Contribution of sinusoidal endothelial liver cells to liver fibrosis: Expression of transforming growth factor-β1 receptors and modulation of plasmin-generating enzymes by transforming growth factor-β1

Abstract

Transforming growth factor-βH1 is an important cytokine in the pathophysiology of liver fibrosis, stimulating the production of extracellular matrix. Whether this cytokine can also control the degradation of matrix proteins in liver cells has not been investigated. Because plasmin is an important protease for the degradation of matrix glycoproteins, we investigated whether sinusoidal endothelial liver cells could contribute to fibrosing liver disease through the modulation of plasmin-generating enzymes in response to transforming growth factor-β1. Sinusoidal endothelial cells from guinea pig liver were investigated in pure monolayer culture.
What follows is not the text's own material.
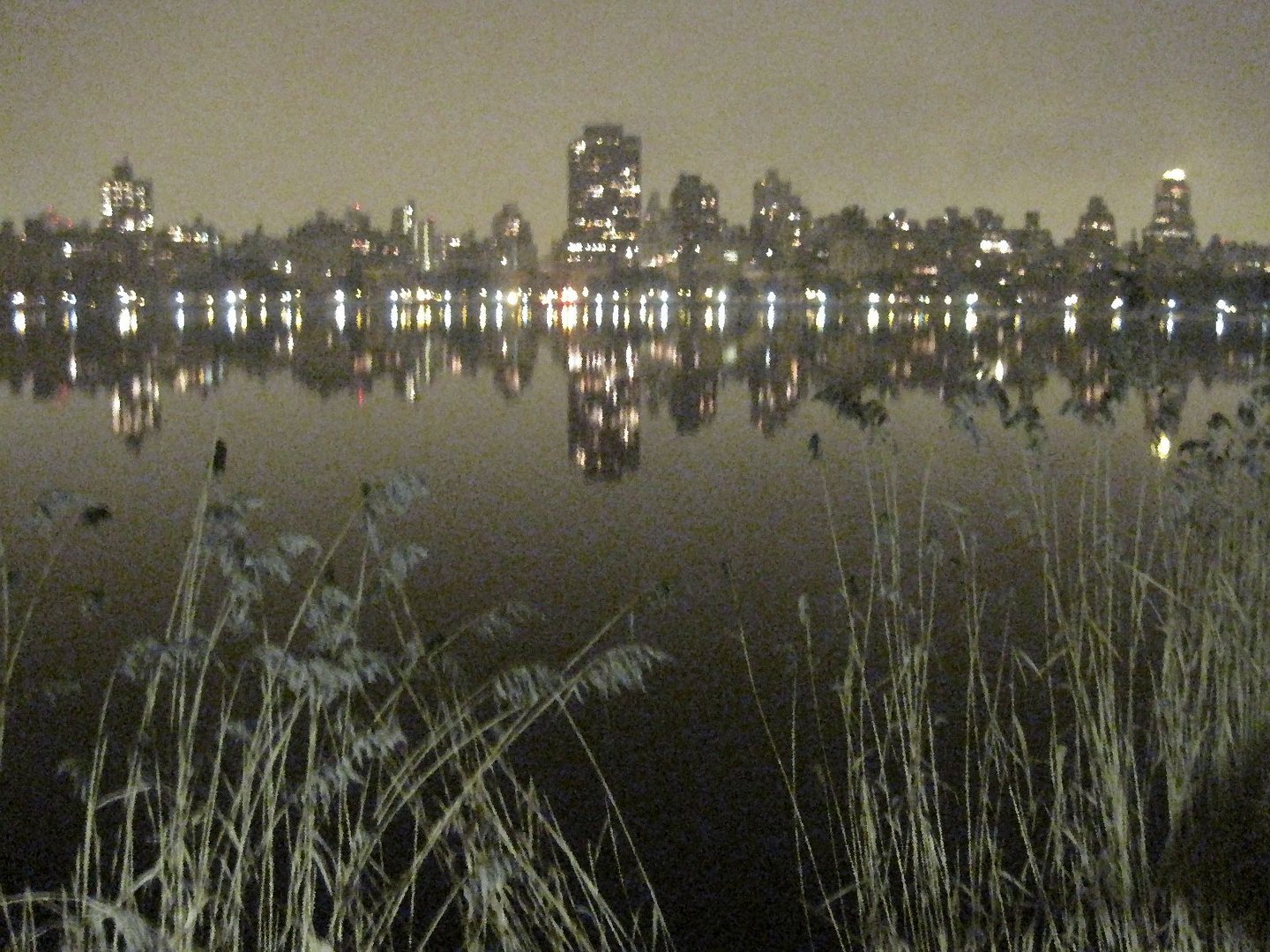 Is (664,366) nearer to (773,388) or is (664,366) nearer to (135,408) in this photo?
(773,388)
Using ¹²⁵I-labelled transforming growth factor-β, we demonstrated high-affinity binding sites on sinusoidal endothelial cells at a density of 9.3 × 10² per cell, and a dissociation constant of about 5.5 × 10⁻¹¹ mol/L. Sodium dodecyl sulfate-polyacrylamide gel electrophoresis revealed the known three classes of membrane receptors for transforming growth factor-β. Using biosynthetic labeling of proteins with ³⁵S-methionine, immunoprecipitation and sodium dodecyl sulfate-polyacrylamide gel electrophoresis, we showed that sinusoidal endothelial cells produce and secrete plasminogen activator inhibitor type 1 from the beginning of culture. Treatment of confluent cell cultures for 24 hr with transforming growth factor-β1 increased synthesis and release of plasminogen activator inhibitor type 1. The response was almost maximal at a concentration of 1 ng transforming growth factor-β/ml and paralleled the increased synthesis of fibronectin. On reverse fibrin autography we proved that transforming growth factor-β1 stimulated the release of functionally active plasminogen activator inhibitor type 1. On the other hand, transforming growth factor-β1 decreased in a dose-dependent manner the release of plasminogen activators as shown by fibrin autography. From these studies it is evident that sinusoidal endothelial liver cells respond to transforming growth factor-β1 in a fibrogenic manner, reducing the plasmin-generating potential, resulting in decreased proteolysis of extra-cellular matrix glycoproteins. Therefore we postulated that sinusoidal endothelial cells may participate in early stages of fibrotic liver disease such as capillarization and collagenization of liver sinusoids. (HEPATOLOGY 1993;18:937-944).